REV was a removable hard disk storage system from Iomega.
The small removable cartridges store 35, 70, or 120 gigabytes and were based on hard-drive technology. Like a standard hard drive, the REV system used a flying head to read and write data to a spinning platter. The removable cartridges contained the platter, spindle, and motor, while the drive heads and drive controller were contained within the REV drive. The drives allowed for data transfer rates of about 25 megabytes per second.
The REV was available as an external desktop model with FireWire, SCSI or USB 2.0 interfaces, an internal model with SCSI, ATAPI, or SATA interfaces, or an external server model which features a cartridge autoloader and SCSI interface. Iomega also offered a 320 GB network-attached storage appliance which features a built-in REV. The drives were compatible with Macintosh, Windows, and Linux operating systems, although some only with particular models or interfaces.

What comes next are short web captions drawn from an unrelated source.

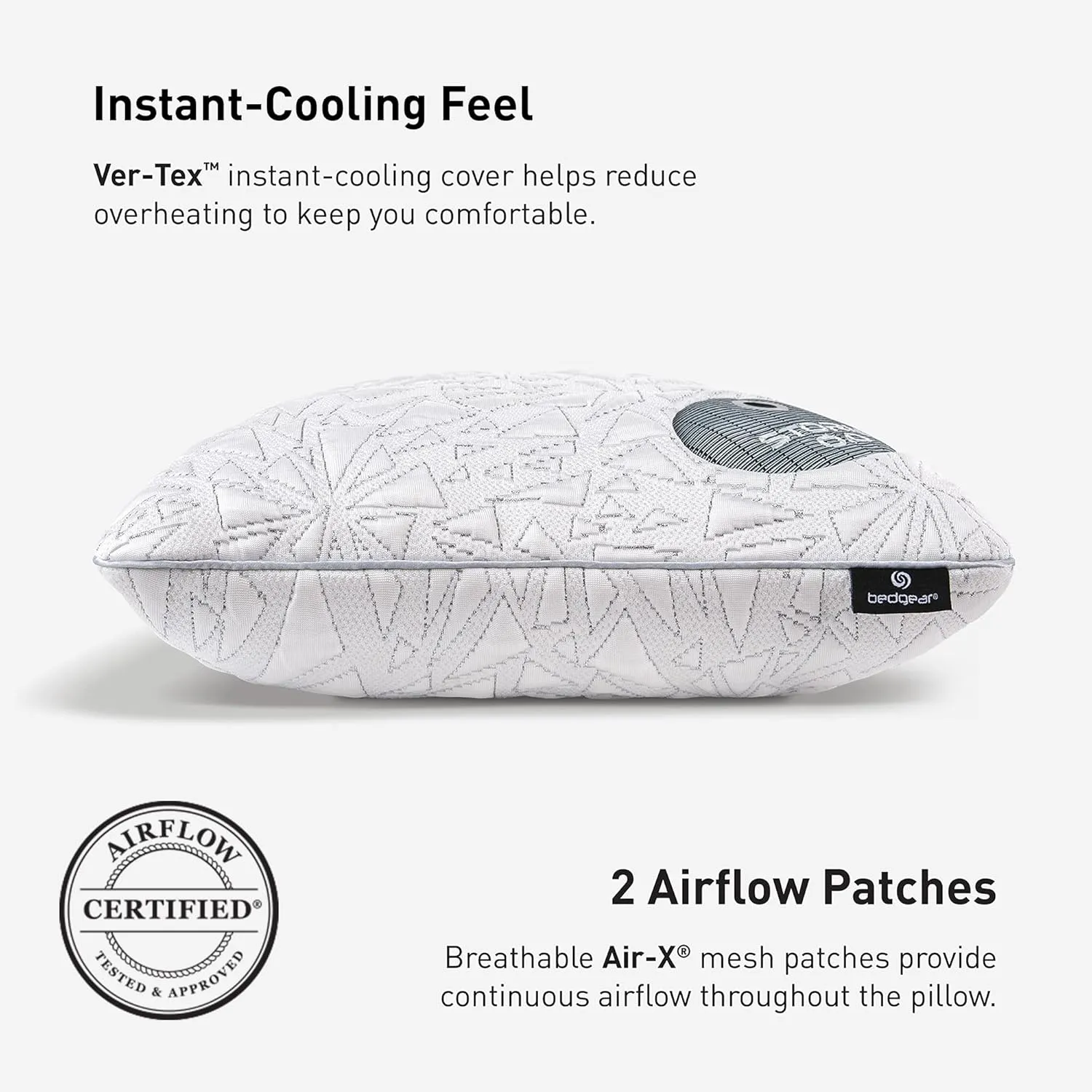 Bedgear Storm Performance Pillow – 0.0 - Cooling Bed Pillow for Hot Sleepers - Medium Firmness Pillow for All Sleep Positions, Washable & Removable Cover - 20" W x 26" L x 4.75" H
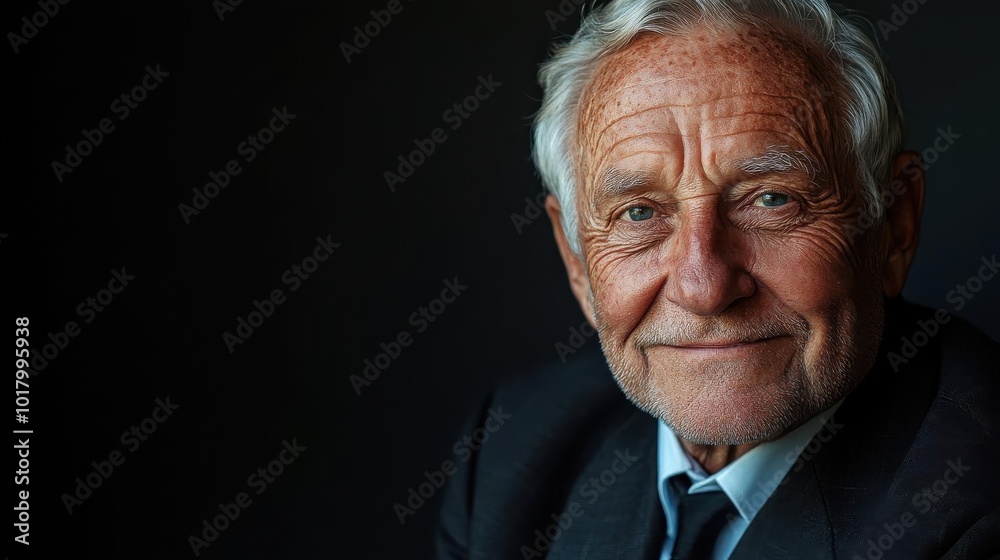 Elderly man smiling warmly in a formal suit, portrait set against a dark background, exuding wisdom and experience. Elderly man smiling warmly in a formal suit, portrait set against a dark background, exuding wisdom and experience.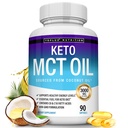 Toplux Keto MCT Oil Kapselit - 3000mg Natural Pure Coconut Oil Extract pillereitä, energian lähde, helppo kaivaa miesten naisten, 90 Softgels, täydennysosa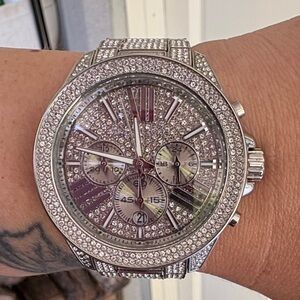 Micheal Kors Sparkling Silver Watch with Crystal Accents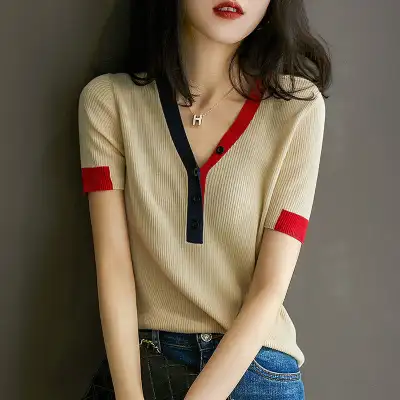 Tシャツ  ニット  ニットトップス  半袖  ゆったり  Vネック  薄  春夏  インナー  新作  レディース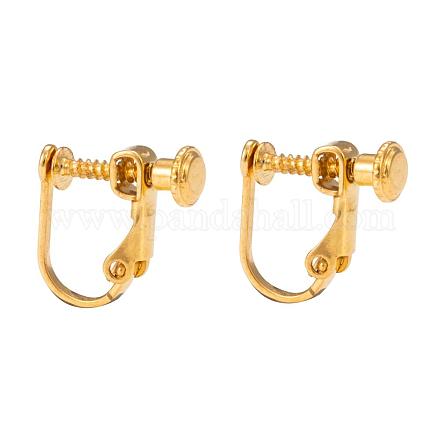 Brass Screw On Clip-on Earring Findings KK-L164-02G-1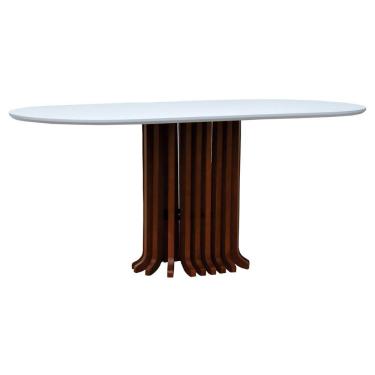 Imagem de Mesa De Jantar Denver Tampo Oblongo 180x90cm Amêndoa-branco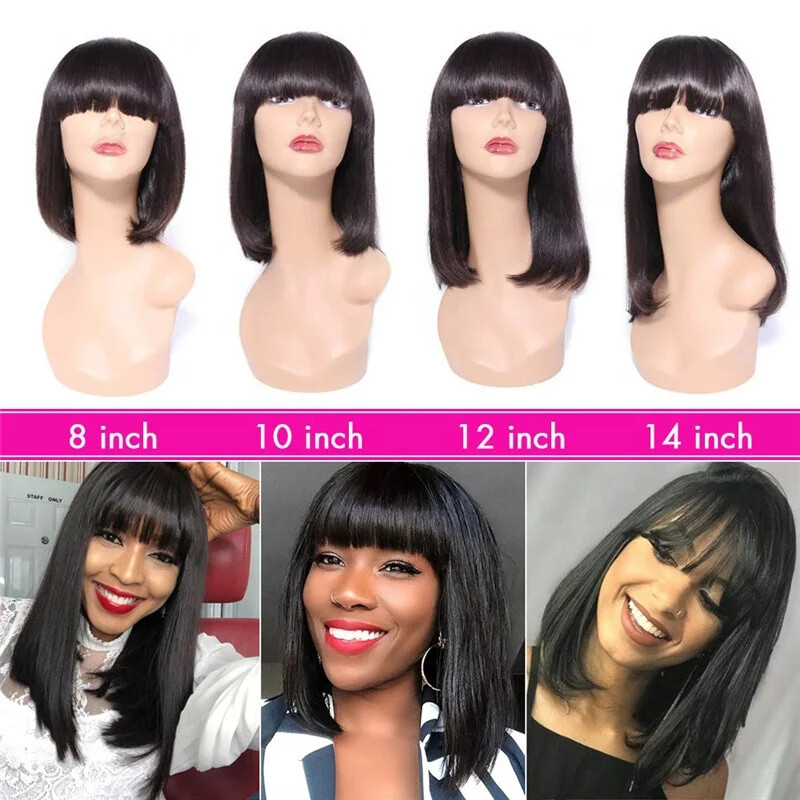 Bone Straight Full Machine Made Bob Wigs with Bangs Brazilian Hair Bob Wigs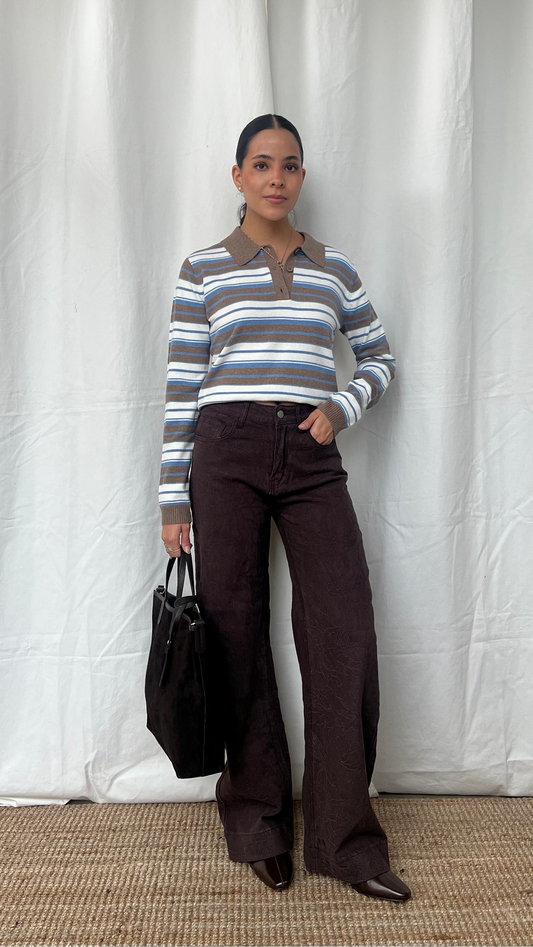 Jeans con diseño en brown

This product, especially the server model, was marketed as a replacement of tape drive technology for enterprise data backup, with claims of higher reliability, greater speed, and random access capability.
The REV was in many ways a successor to Iomega's Jaz drive, which used a similar removable hard-disk-platter concept. However the Jaz design did not put the drive motor in the cartridge. In some circles, REV drives were referred to as RRD, for "Removable Rigid Disk," because SCSI REV drives identify themselves as "RRD" drives to the host OS.
The drives were formatted with the UDF file system on Windows and Unix/Linux. On Apple systems, they may be formatted as HFS+ or UDF in Mac OS X.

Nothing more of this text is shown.